BMW X1 habitacleAccueillant aussi par l’étonnant espace réservé aux passagers. Alors que le véhicule fait tout au plus 4,4 mètres de longueur, on dirait une fois installé à l’intérieur, qu’il en fait beaucoup plus. Bien sûr, rempli de quatre adultes et de l’épicerie de la semaine, il est un peu juste, mais dans l’ensemble pas du tout inconfortable.

La note est moins vraie pour le système d’infodivertissement dont la manipulation nous fait presque regretter les bons vieux lecteurs de cassettes et leurs boutons surdimensionnés. Je le sais, tous les constructeurs se tournent vers une molette, et je m’y fais progressivement. Dans le cas de BMW cependant, ce sont les multiples menus qui rendent la navigation complexe. Heureusement, la sonorité est excellente, ce qui fait un peu oublier les affres du chemin parcouru pour se rendre à notre station de radio préférée.

Un moteur nerveux

On ne s’attend pas à cela. Mais le petit moteur 2,0 litres 4 cylindres turbo est bien éveillé.
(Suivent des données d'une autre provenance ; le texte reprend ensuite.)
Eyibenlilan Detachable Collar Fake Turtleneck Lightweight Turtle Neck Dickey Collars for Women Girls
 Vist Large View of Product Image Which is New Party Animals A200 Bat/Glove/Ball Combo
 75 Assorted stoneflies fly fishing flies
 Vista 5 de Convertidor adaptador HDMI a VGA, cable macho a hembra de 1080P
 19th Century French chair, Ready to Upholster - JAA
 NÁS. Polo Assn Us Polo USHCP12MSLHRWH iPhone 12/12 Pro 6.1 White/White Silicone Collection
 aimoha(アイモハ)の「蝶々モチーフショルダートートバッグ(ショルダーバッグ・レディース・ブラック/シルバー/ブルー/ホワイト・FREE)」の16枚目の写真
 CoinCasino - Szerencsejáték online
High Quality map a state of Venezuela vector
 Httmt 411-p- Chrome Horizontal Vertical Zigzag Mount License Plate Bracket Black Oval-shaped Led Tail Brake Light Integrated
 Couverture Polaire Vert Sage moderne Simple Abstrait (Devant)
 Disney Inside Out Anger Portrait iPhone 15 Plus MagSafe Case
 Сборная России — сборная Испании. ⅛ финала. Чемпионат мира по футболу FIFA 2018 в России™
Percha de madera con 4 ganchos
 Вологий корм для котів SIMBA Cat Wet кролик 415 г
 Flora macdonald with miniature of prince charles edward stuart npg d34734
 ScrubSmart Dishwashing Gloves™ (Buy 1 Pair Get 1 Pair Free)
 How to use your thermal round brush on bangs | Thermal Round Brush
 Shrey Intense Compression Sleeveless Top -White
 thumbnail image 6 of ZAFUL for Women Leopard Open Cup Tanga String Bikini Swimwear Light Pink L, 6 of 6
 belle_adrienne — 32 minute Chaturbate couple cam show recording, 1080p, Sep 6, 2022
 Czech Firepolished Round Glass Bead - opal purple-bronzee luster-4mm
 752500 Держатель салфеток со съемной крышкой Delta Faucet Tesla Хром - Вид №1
Du haut de ses 228 chevaux, il agit avec célérité et rapidité. Jumelé à la boite de vitesse automatique 8 rapports, disponible en option avec les palettes au volant, il se démène avec une étonnante aisance. En fait, les premières accélérations surprennent même par leur vivacité, surtout lorsque le véhicule est placé en mode sport.

Mais, car il y a un mais, le X1 est aussi doté de suspensions, mais quelqu’un devrait le lui rappeler. La  moindre bosse devient une véritable montagne à son volant, et le moindre trou (je vous rappelle que j’ai conduit ce véhicule dans le printemps québécois, alors que les nids-de-poule sont légions) devient une aventure.

BMW X1 faceÉvidemment, sur une chaussée lisse comme un billard, le X1 est au contraire un modèle de douceur. Mais rares sont les routes printanières qui le sont. Il me faut cependant avouer que l’on s’y fait sans difficultés, et que, après quelques jours, j’avais oublié cette trop grande rigidité, sans doute le compromis à faire pour une conduite aussi dynamique.

Conclusion

Ne vous méprenez pas, j’ai adoré le BMW X1. Parce que j’aime ce genre de conduite plus nerveuse que moi, parce que je suis heureux de ressentir un petit frisson quand je prends le volant, même s’il s’agit d’un utilitaire. Solide, rigide et amusant, le X1 est sans conteste un concurrent sérieux dans le créneau des utilitaires compacts de luxe, même s’il s’adresse surtout aux amateurs de conduite plus sportive.